EXERCISE BRIEF | Pictures aside, reproduce exactly and only the lines from the one containing "The equation for" through the end of the records.

Stored data |
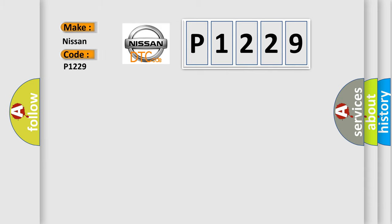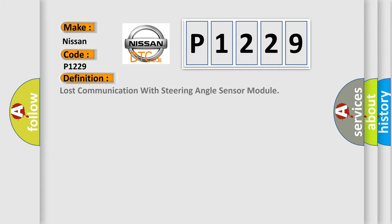Nissan car manufacturers. The basic definition is: Lost communication with steering angle sensor module.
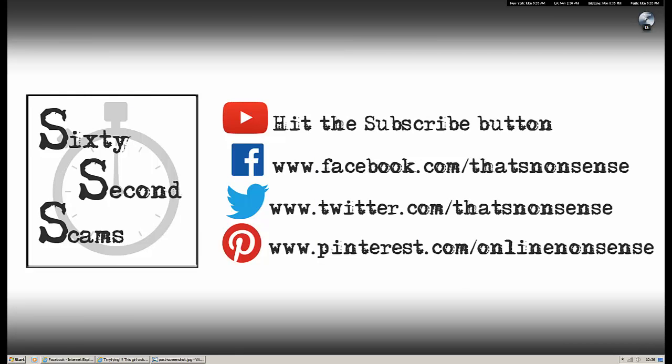That's it for 60 Second Scams. If you did install one of these spammy Facebook apps, make sure you uninstall it first. And if you think you installed malware, make sure you run a full system scan with your internet security software. Instructions on how to do both are in the description of this video.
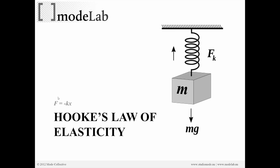The equation for Hooke's law of elasticity breaks down into F for force equals negative KX. K is your coefficient of your spring. So if the coil of your spring is really thick, it's a strong spring, it doesn't want to move very much. If it's a thin piece of wire, then it's going to be able to be extended very easily. That's where the coefficient comes in.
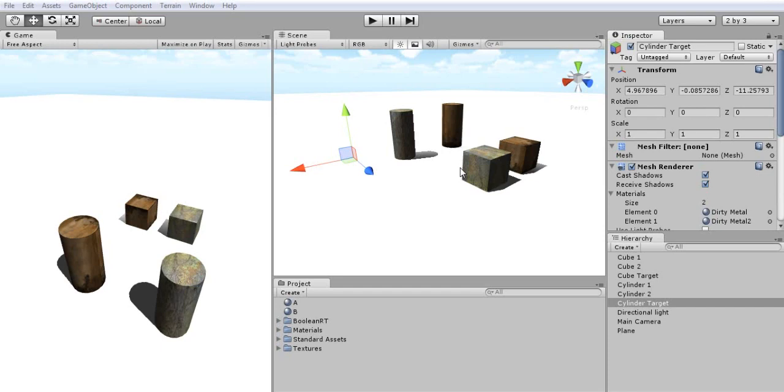Hello everyone, my name is Bahabun Jain from Mixed Dimensions, and in this video I will introduce our latest additions to the Asset Store, which is Boolean RT, real-time boolean operations inside of Unity.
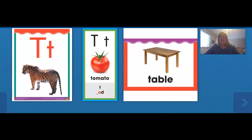Hello kindergarten readers. Today we are going to learn more about the letter T. The letter T is a consonant — that is the kind of letter it is in the alphabet.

RESULT |
The equation for Hooke's law of elasticity breaks down into F for force equals negative KX. K is your coefficient of your spring. So if the coil of your spring is really thick, it's a strong spring, it doesn't want to move very much. If it's a thin piece of wire, then it's going to be able to be extended very easily. That's where the coefficient comes in.
Hello everyone, my name is Bahabun Jain from Mixed Dimensions, and in this video I will introduce our latest additions to the Asset Store, which is Boolean RT, real-time boolean operations inside of Unity.
Hello kindergarten readers. Today we are going to learn more about the letter T. The letter T is a consonant — that is the kind of letter it is in the alphabet.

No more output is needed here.